We need measurements to answer either of those questions and I think
before proceeding we need to answer those questions.


Beyond that I want to point out that in general a data structure that
has a tag on every member is going to have a larger memory foot print
per entry, contain more entries, and by virtue of both of those be less
memory efficient and less time efficient to use.   So it is not clear
that a implementation that tags everything with a vrf-id will actually
be lighter weight.

Also there is a concern that placing tags in every data structure may be
significantly more error prone to implement (as it is more more thing to
keep trace of), and that can impact the maintainability and the
correctness of the code for everyone.


The standard that was applied to the network namespace was that
it did not have any measurable performance impact when enabled.  The
measurments taken at the time did not show a slow down when a 1Gig
interface was place in a network namespace.  Compared to running an
unpatched kernel.

I suspect your extra layer of indirection to get to struct net in
addition to touching struct skb will give you a noticable performance
impact.


I have another concern.  I don't think it is wise to have a data
structure modified two different ways to deal with network namespaces
and vrfs.  For maintainability and our own sanity we should pick which
version that we judge to be the most efficient implementation and go
with it.



The architecture I imagine for using network namespaces as vrfs for
devices that perform layer 2 bridging and layer 3 routing.

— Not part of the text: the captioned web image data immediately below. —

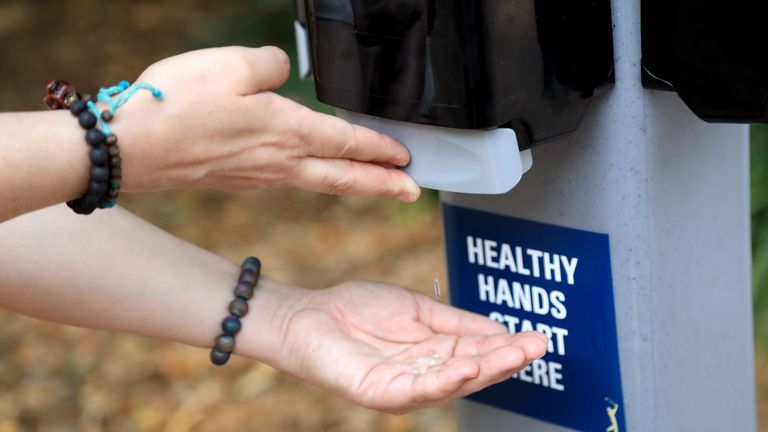 A spectator uses hand sanitizer during a practice round prior to The Players Championship at TPC Sawgrass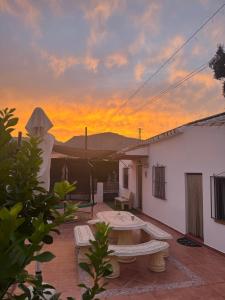 Un patio con una mesa y una puesta de sol al fondo. en Casa el Mure, en Ronda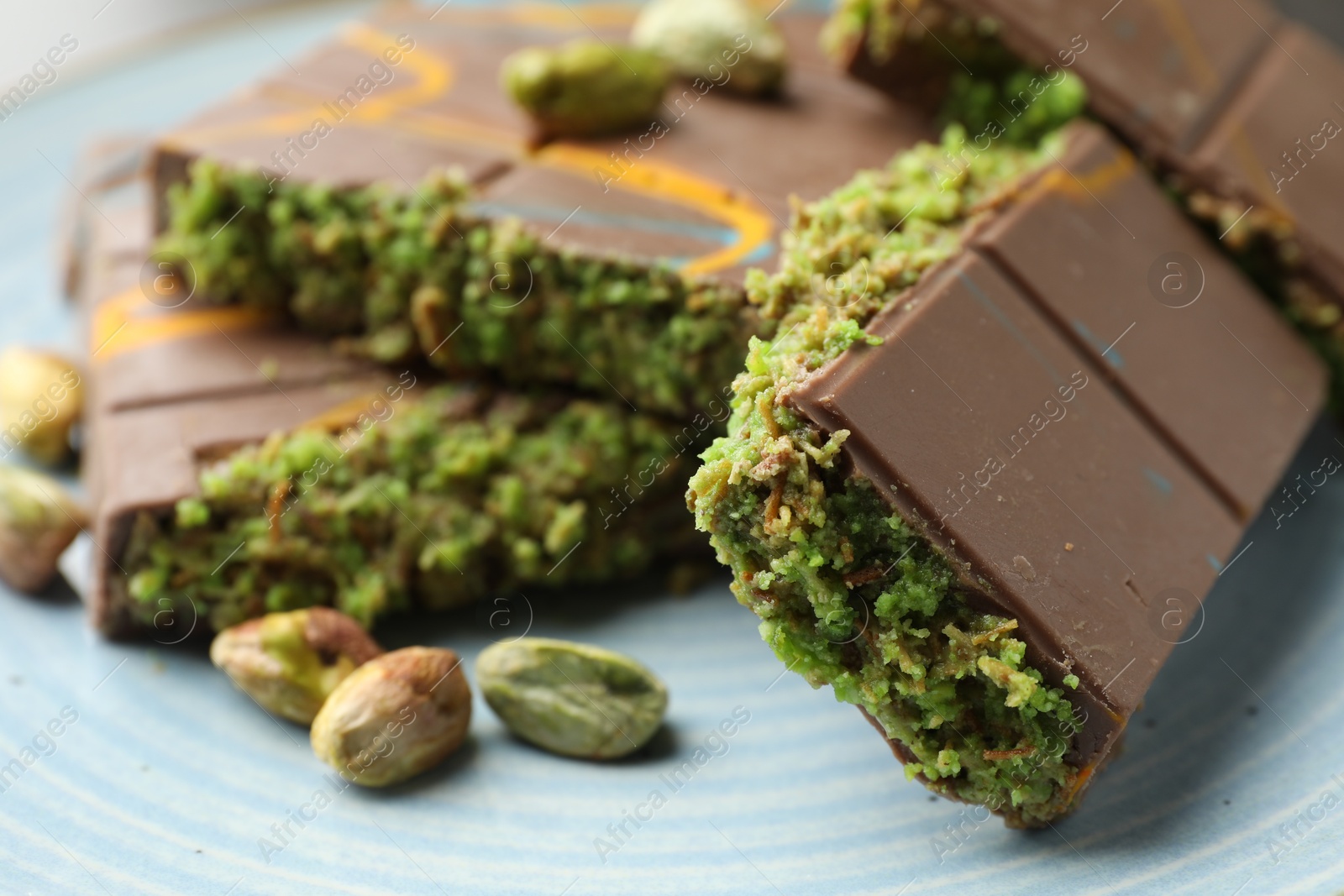 Photo of Pieces of Dubai chocolate bar with pistachios and knafeh on plate, closeup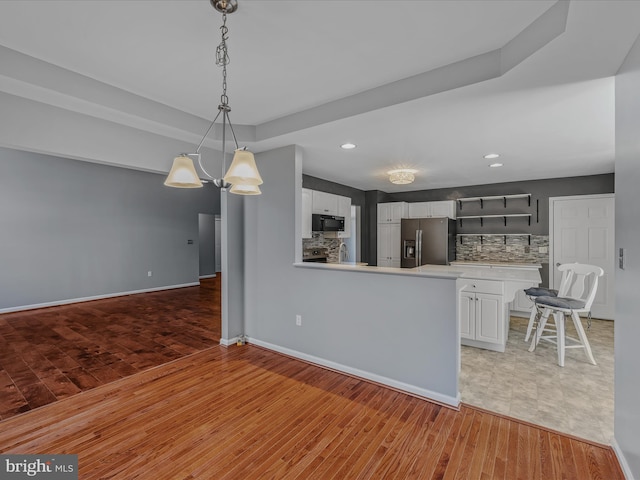 kitchen with black microwave, light countertops, stainless steel refrigerator with ice dispenser, and backsplash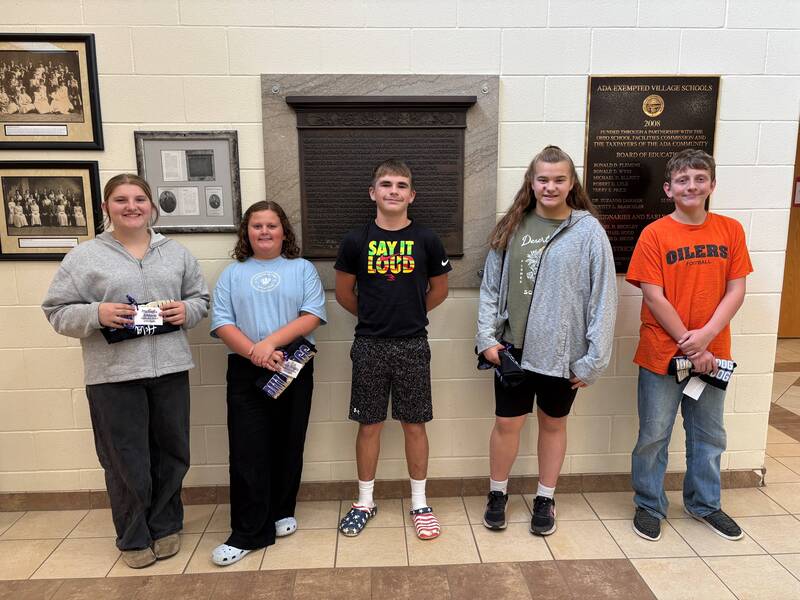 Five studnets facing the camera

port1 port2 port3 port4 port5 port6 port7 port8 port9 port10
  |     |     |     |     |     |     |     |     |     |
  +-----+-----+-----+-----+-----+-----+-----+-----+-----+
 /                   Link Aggregation                    \
+                                                         +
|                        Bridging                         |
+----------------------------+----------------------------+
                             |
                          cpu port
                             |
       +---------------------+---------------------+
      /     +---------------/ \---------------+     \
     /     /     +---------/   \---------+     \     \
    /     /     /     +---/     \---+     \     \     \
   /     /     /     /    |     |    \     \     \     \
  |     |     |     |     |     |     |     |     |     |
vlan1 vlan2 vlan3 vlan4 vlan5 vlan6 vlan7 vlan8 vlan9 vlan10
  |     |     |     |     |     |     |     |     |     |   
+-+-----+-----+-----+-----+-+ +-+-----+-----+-----+-----+-+ 
|    network namespace 1    | |    network namespace2     |
+---------------------------+ +---------------------------+

Traffic to and from the rest of the world comes through the
external ports.  

The traffic is then processed at layer two including link
aggregation, bridging and classifying which vlan the traffic
belongs in.

If the traffic needs to be routed it then comes up to the cpu port.
The cpu port looks at the tags on the traffic and places it into
the appropriate vlan device.

>From the various vlans the traffic is then routed according
to the routing table of whichever network namespace the vlan
device is in.

There are stateless offloads to this in modern hardware but this is a
reasonable model how all of this works semantically.

As such the vlan devices can be moved between network namespaces without
affecting any layer two monitoring or work that happens on the lower
level devices.  The practical restriction is that L2 and L3 need to be
handled on different network devices.

This split of network devices ensures that L2 code that works today
should not need any changes or in any way be concerned about network
namespaces or that the parent devices are in.